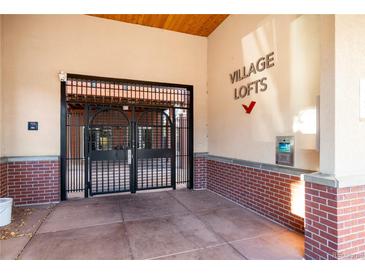 Secured entrance to Village Lofts features brick accents and gated access for added safety and peace of mind at 5677 S Park Pl # C208, Englewood, CO 80111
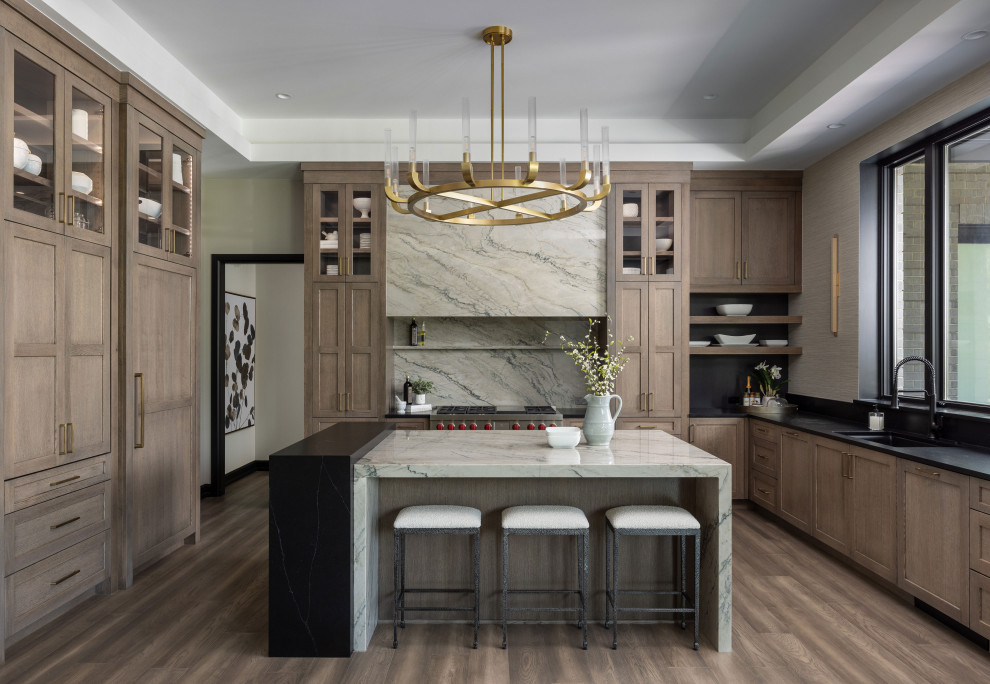 Photo of a transitional eat-in kitchen in Detroit with an undermount sink, shaker cabinets, medium wood cabinets, quartzite benchtops, grey splashback, engineered quartz splashback, panelled appliances, with island, brown floor, grey benchtop and recessed.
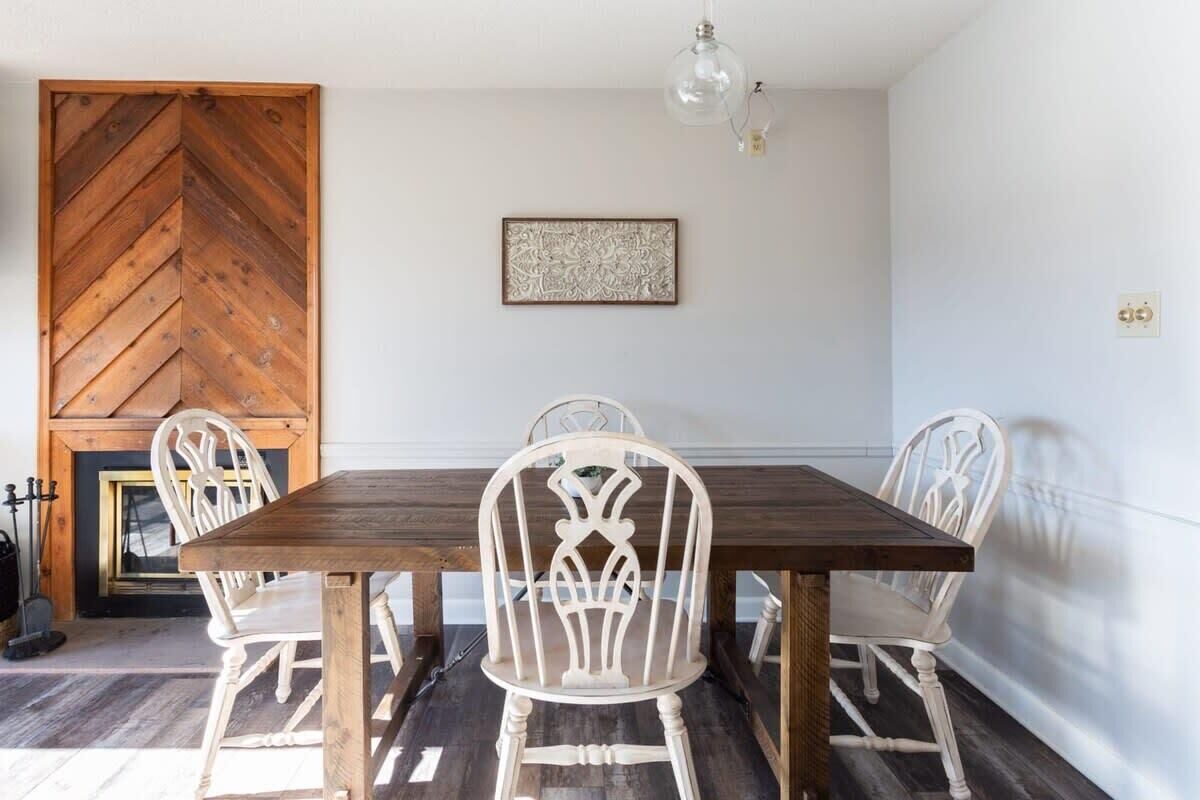A dining area with a wooden table and white chairs, a decorative wall piece, and a fireplace.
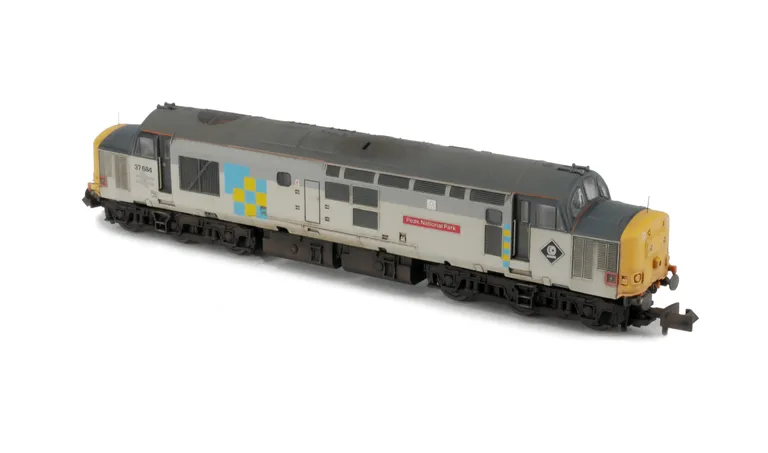 37684 Details include: bogie modification to reduce gap between body and bogies, finer aerials, nose catches, moulded roof grill replaced with 3D etched fan and grill, semi detailed buffer beam at both ends, sector livery changed, etched arrows depot plaq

AIM OF THE EXERCISE ▸
Return the listing above in full and exactly, omitting all pictures.

SOLUTION TO THIS EXERCISE ▸
 Secured entrance to Village Lofts features brick accents and gated access for added safety and peace of mind at 5677 S Park Pl # C208, Englewood, CO 80111
 Photo of a transitional eat-in kitchen in Detroit with an undermount sink, shaker cabinets, medium wood cabinets, quartzite benchtops, grey splashback, engineered quartz splashback, panelled appliances, with island, brown floor, grey benchtop and recessed.
A dining area with a wooden table and white chairs, a decorative wall piece, and a fireplace.
 37684 Details include: bogie modification to reduce gap between body and bogies, finer aerials, nose catches, moulded roof grill replaced with 3D etched fan and grill, semi detailed buffer beam at both ends, sector livery changed, etched arrows depot plaq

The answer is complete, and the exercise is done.